LA DOCTRINE DE SOCRATE


Pour décider Socrate, Criton fait valoir d’abord le sentiment public. On ne croira jamais, dit-il, qu’un condamné ait refusé de se dérober à la mort ; tout le monde sera persuadé que ses amis n’ont rien fait pour le sauver ; ceux-ci passeront pour s’être montrés lâches ou indifférents. Puis il insiste sur les devoirs de Socrate envers les siens. Est-il permis à un père d’abandonner ses enfants, lorsqu’il peut se conserver pour eux ?

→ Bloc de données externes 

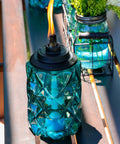 Topaz Blue Glass Outdoor Torches Two Pack, 65 Inch Weather Resistant Patio Lanterns For Backyard And Garden on table
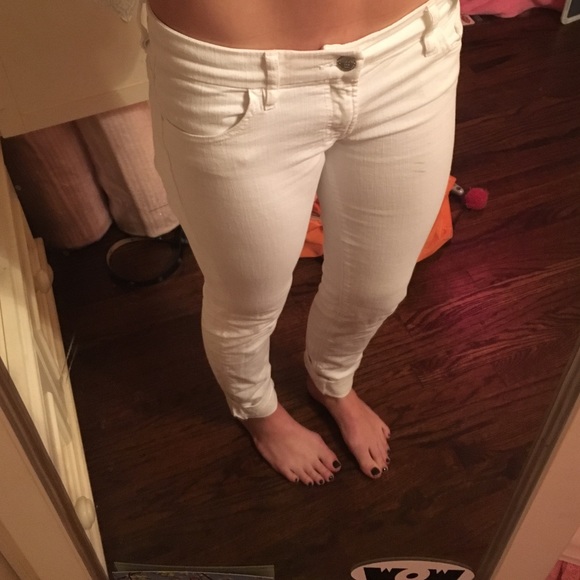 white boot-cut Guess jeans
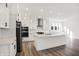 Modern kitchen with white cabinets, stainless steel appliances, and an island at 1500 Chatham Village Blvd, Westfield, IN 46074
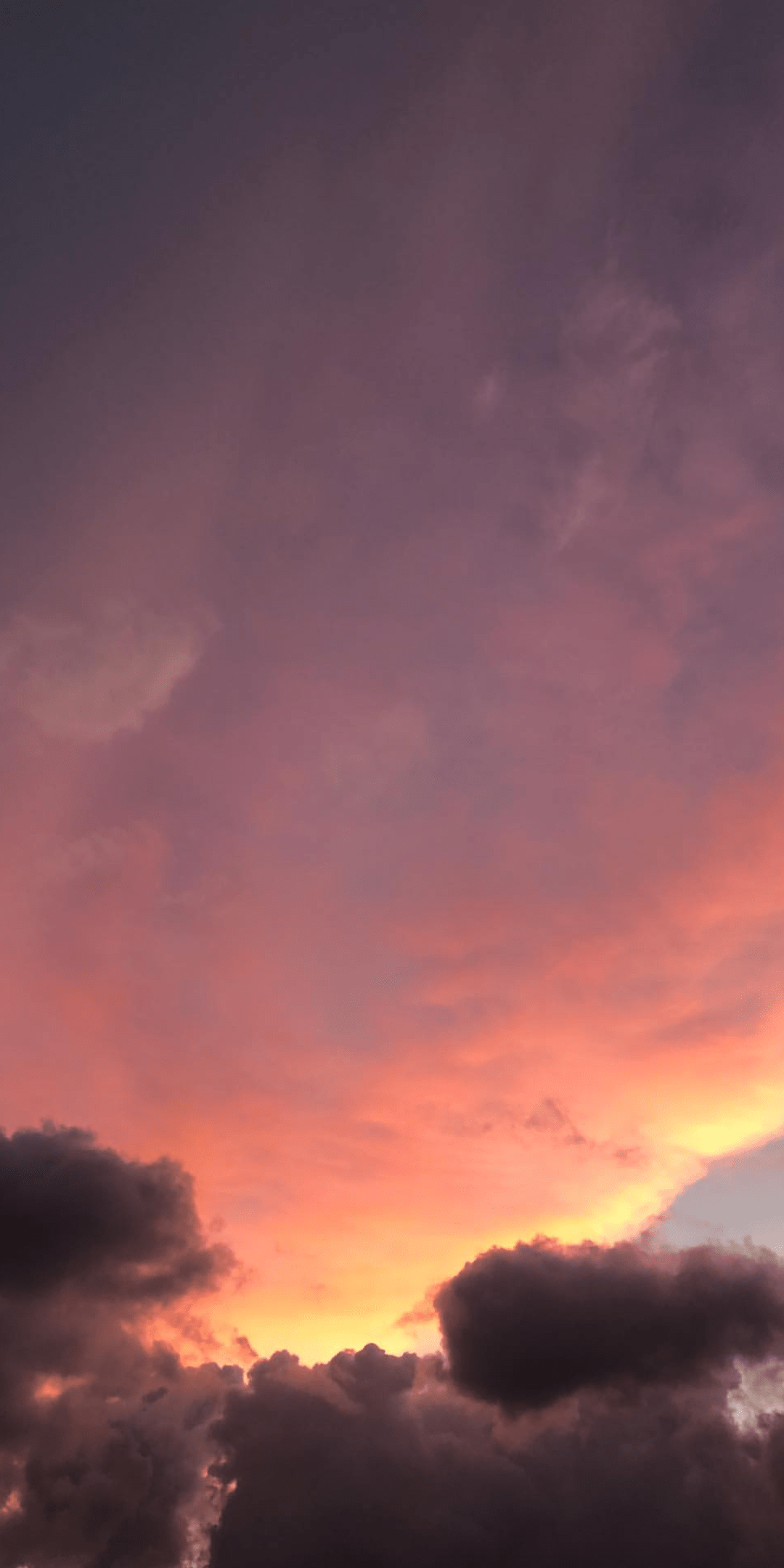 A sky with clouds during sunset - Sky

Ces raisons, Socrate les écarte tout d’abord. Une question préalable s’impose à lui. Est-il jamais permis de manquer à la justice ? Existe-t-il des circonstances qui autorisent un homme à nuire à qui que ce soit ? Question qui ne dépend pas de l’opinion du plus grand nombre. Elle ne relève que de la conscience. Celle de Socrate l’a résolue de tout temps. Non, il n’est jamais permis d’être injuste, personne même n’est en droit de rendre le mal pour le mal. C’est là, pour lui, un principe absolu, contre lequel aucune considération personnelle ne peut prévaloir. Et Criton reconnaît que telle est bien la vérité.